* [Activity] Repeat the listing that follows character for character, omitting images.

### Data excerpt

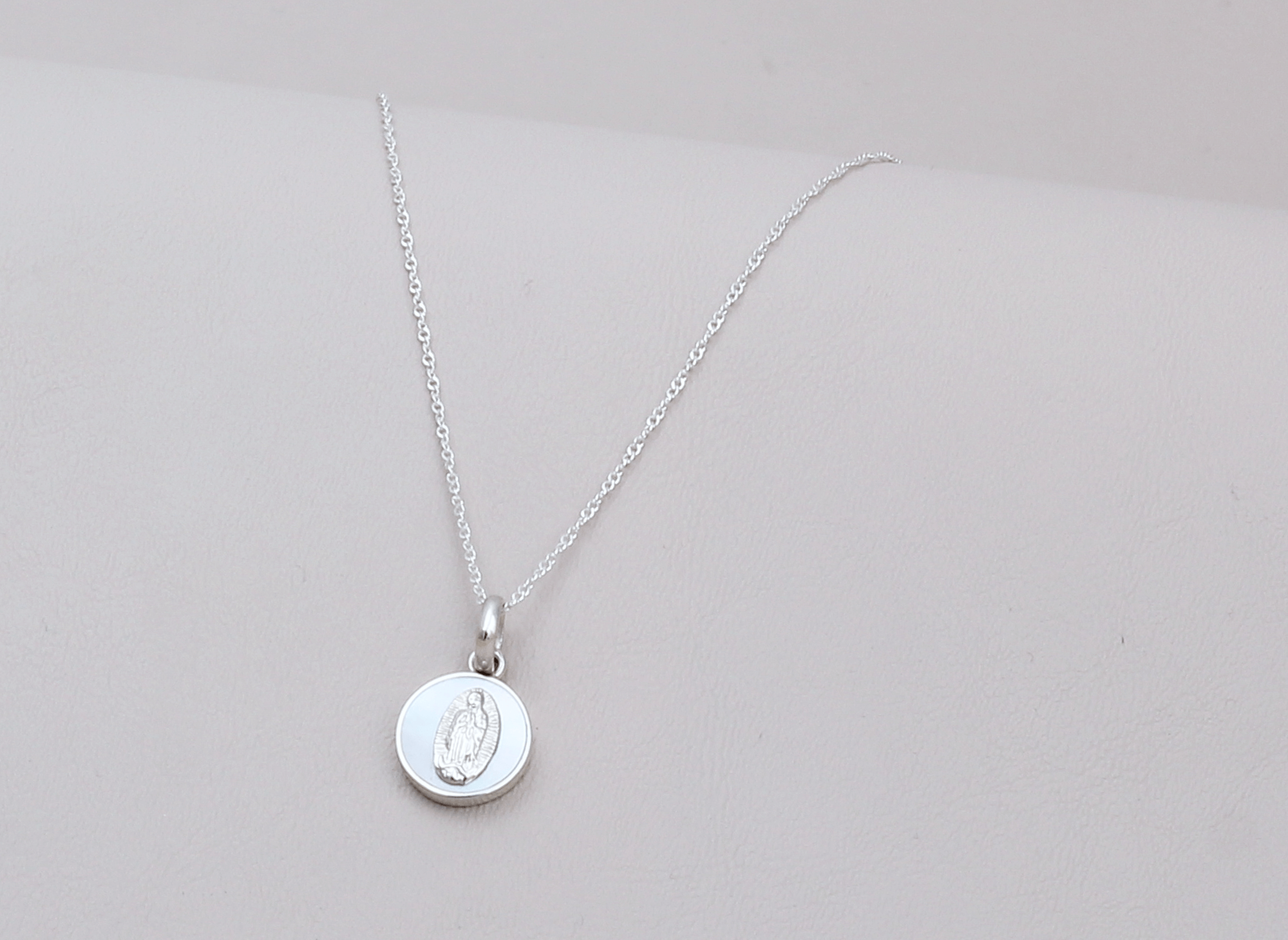 Collar Virgen Guadalupe Sublime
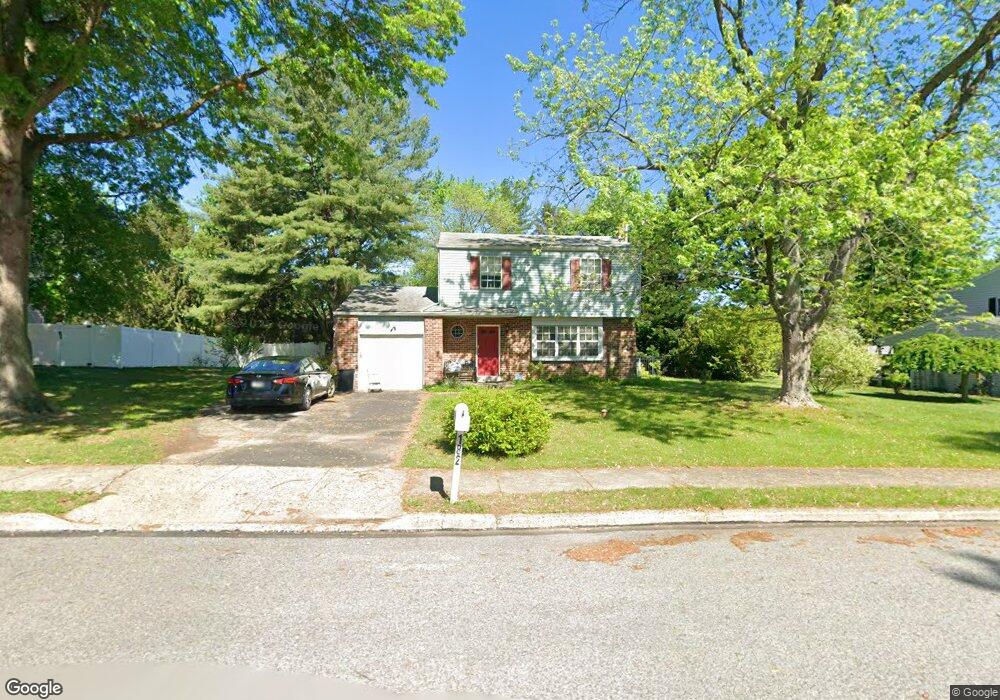 182 Deacon Dr, Norristown, PA 19403 - photo 1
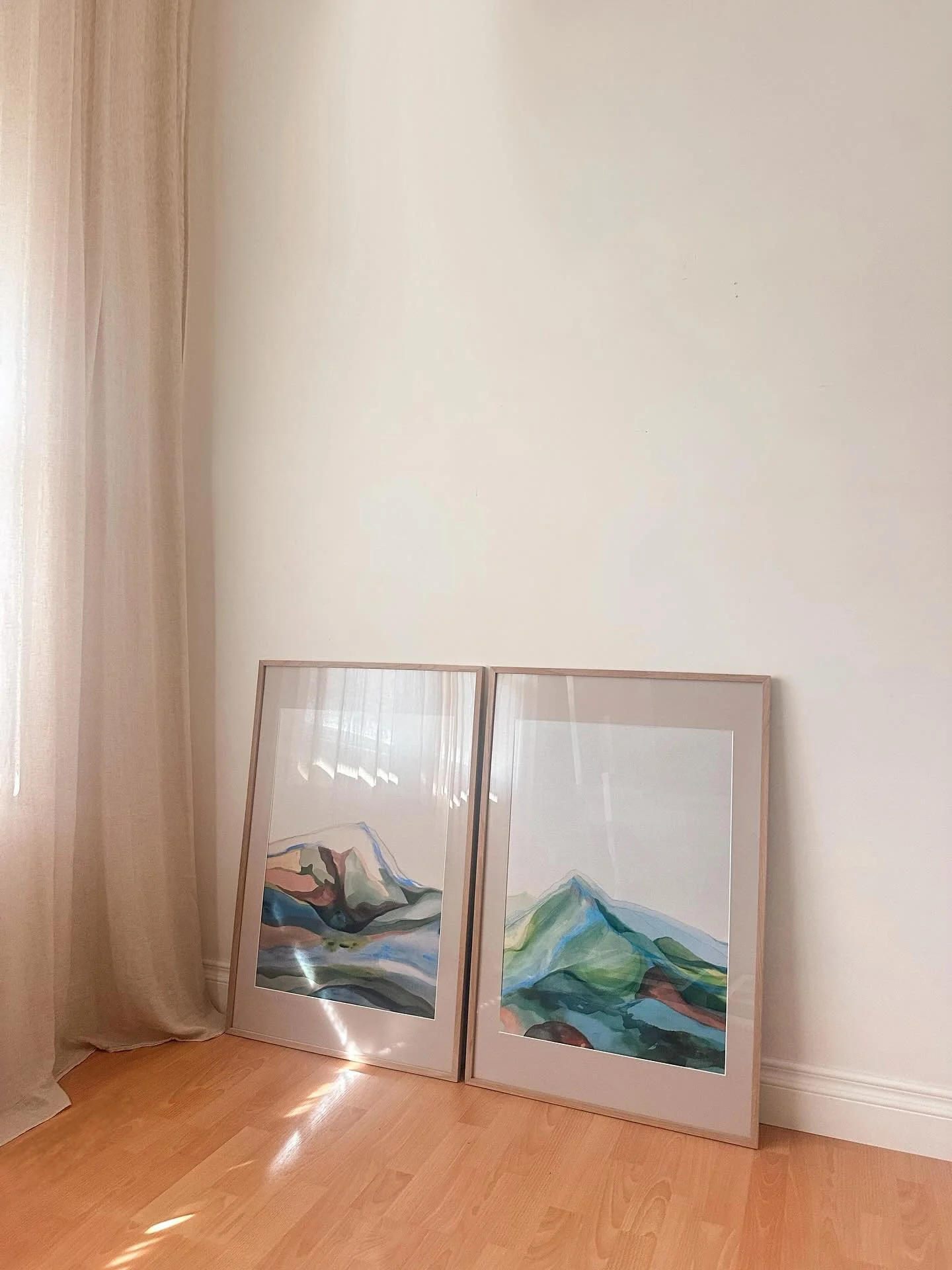 Always a good day getting prints in frames 💫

######

* [Task output]
 Collar Virgen Guadalupe Sublime
 182 Deacon Dr, Norristown, PA 19403 - photo 1
 Always a good day getting prints in frames 💫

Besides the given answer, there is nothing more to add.